Highest price per carat:
price_per_carat: 17828.846153846152
color: D
clarity: IF
depth: 61.3
table: 56

Lowest price per carat:
price_per_carat: 1138.7096774193549
color: J
clarity: SI1
depth: 59.4
table: 62


In [15]:
# Question 4
# Given values
average_price_per_carat = 6642  # This is the average price per carat from method 'a'
diamond_weight = 102  # Weight of the Sotheby's diamond in carats
actual_price = 15_700_000  # Actual price from the Sotheby's auction in USD

# Step 1: Estimate the price using the average price per carat
estimated_price = average_price_per_carat * diamond_weight

# Step 2: Calculate the difference between the estimated price and the actual price
price_difference = actual_price - estimated_price

# Step 3: Calculate the percentage difference
percentage_difference = (price_difference / actual_price) * 100

# Output the results
print(f"Estimated price for the 102-carat diamond: ${estimated_price:,.2f}")
print(f"Actual price from Sotheby's auction: ${actual_price:,.2f}")
print(f"Difference between actual and estimated price: ${price_difference:,.2f}")
print(f"Percentage difference: {percentage_difference:.2f}%")

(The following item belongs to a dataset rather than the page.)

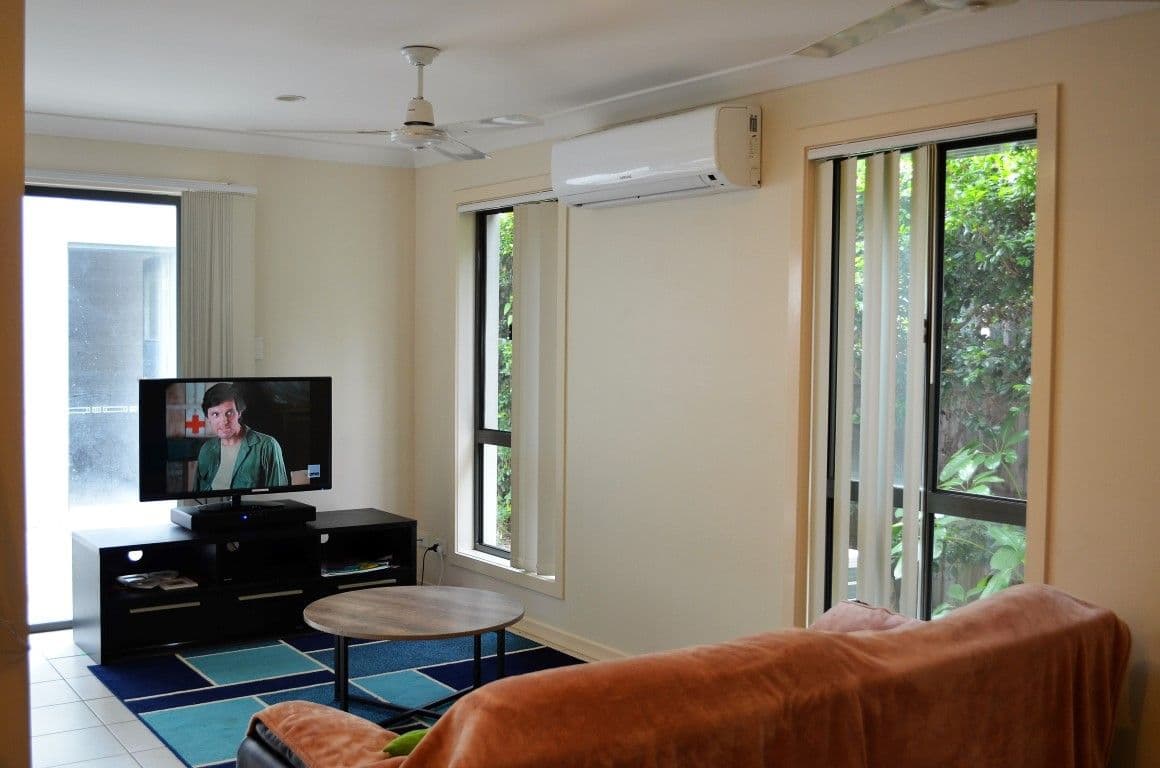 16 Seashell Avenue, Coomera QLD 4209, Coomera - Thumbnail 3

# Conclusion on why there is a difference
if estimated_price < actual_price:
    print("The actual price is significantly higher due to the exceptional quality of the diamond (D-color, flawless).")
else:
    print("The estimated price is higher than the actual price, but this is unlikely due to the extraordinary nature of the Sotheby's diamond.")


Estimated price for the 102-carat diamond: $677,484.00
Actual price from Sotheby's auction: $15,700,000.00
Difference between actual and estimated price: $15,022,516.00
Percentage difference: 95.68%
The actual price is significantly higher due to the exceptional quality of the diamond (D-color, flawless).